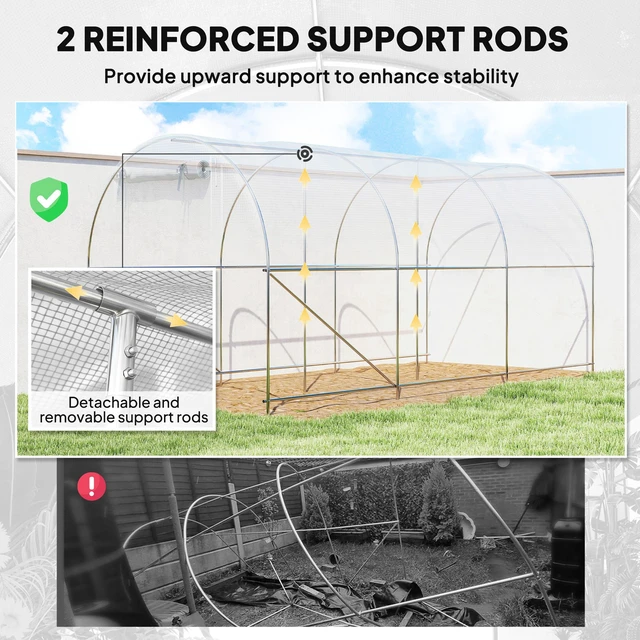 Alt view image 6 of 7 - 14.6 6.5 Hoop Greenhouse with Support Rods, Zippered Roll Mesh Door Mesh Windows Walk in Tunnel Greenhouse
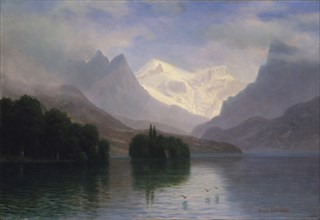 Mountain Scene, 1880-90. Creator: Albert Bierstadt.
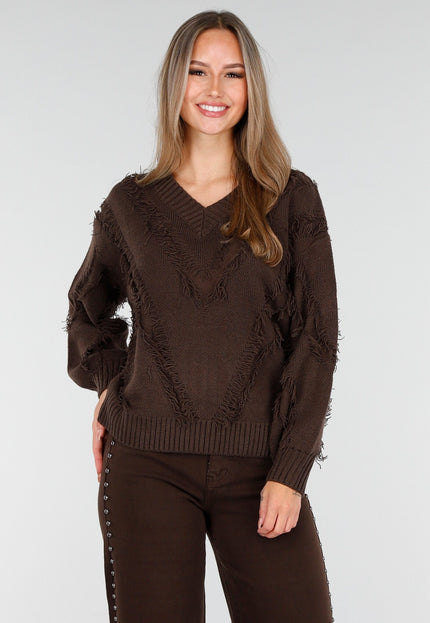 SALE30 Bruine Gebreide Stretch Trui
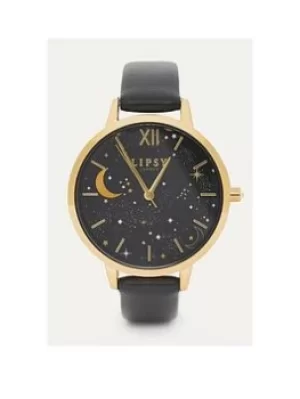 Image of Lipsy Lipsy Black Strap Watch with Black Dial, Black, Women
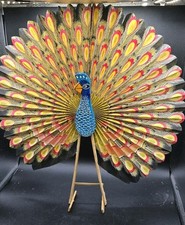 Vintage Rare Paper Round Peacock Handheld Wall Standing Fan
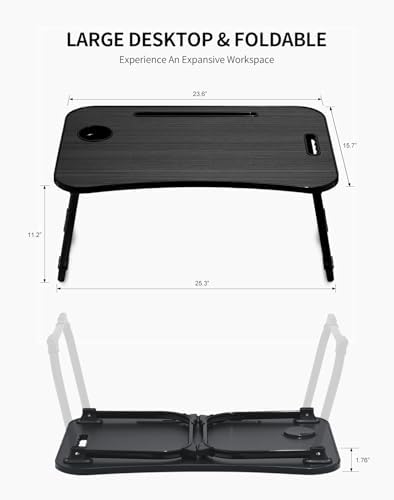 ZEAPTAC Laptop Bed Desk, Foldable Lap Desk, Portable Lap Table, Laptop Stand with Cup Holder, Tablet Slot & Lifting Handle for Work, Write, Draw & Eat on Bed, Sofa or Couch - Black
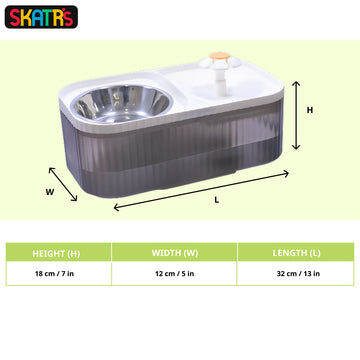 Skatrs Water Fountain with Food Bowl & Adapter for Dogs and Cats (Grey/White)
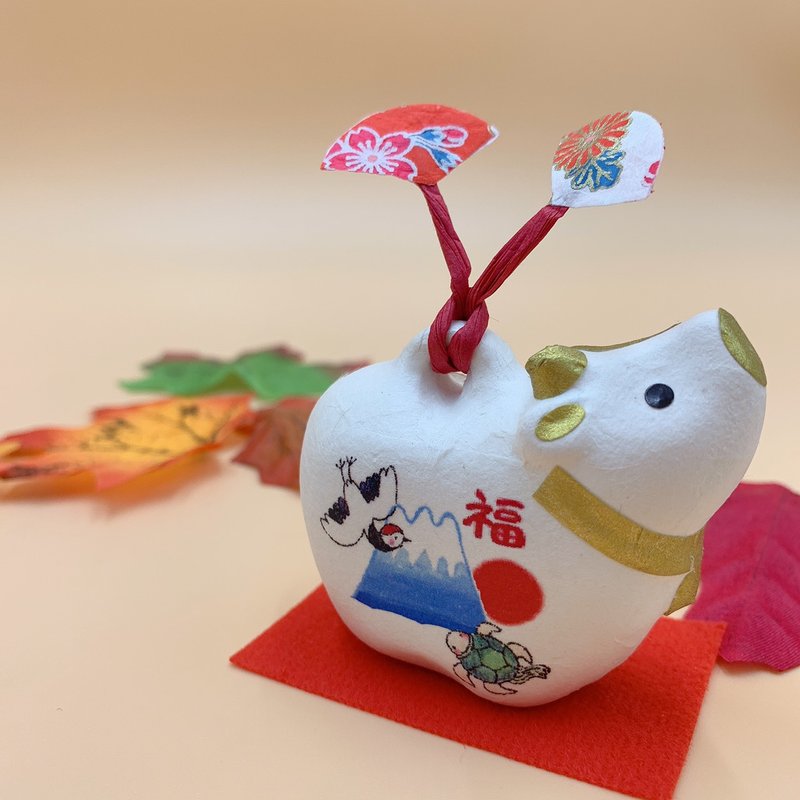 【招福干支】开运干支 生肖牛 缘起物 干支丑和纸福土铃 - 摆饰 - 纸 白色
-------------------------
AIM OF THE TASK: Transcribe the listing in full. Omit the pictures and keep every line exact.

OUTPUT FOR THIS EXERCISE:
 Alt view image 6 of 7 - 14.6 6.5 Hoop Greenhouse with Support Rods, Zippered Roll Mesh Door Mesh Windows Walk in Tunnel Greenhouse
 Mountain Scene, 1880-90. Creator: Albert Bierstadt.
 SALE30 Bruine Gebreide Stretch Trui
 Image of Lipsy Lipsy Black Strap Watch with Black Dial, Black, Women
 Vintage Rare Paper Round Peacock Handheld Wall Standing Fan
 ZEAPTAC Laptop Bed Desk, Foldable Lap Desk, Portable Lap Table, Laptop Stand with Cup Holder, Tablet Slot & Lifting Handle for Work, Write, Draw & Eat on Bed, Sofa or Couch - Black
 Skatrs Water Fountain with Food Bowl & Adapter for Dogs and Cats (Grey/White)
 【招福干支】开运干支 生肖牛 缘起物 干支丑和纸福土铃 - 摆饰 - 纸 白色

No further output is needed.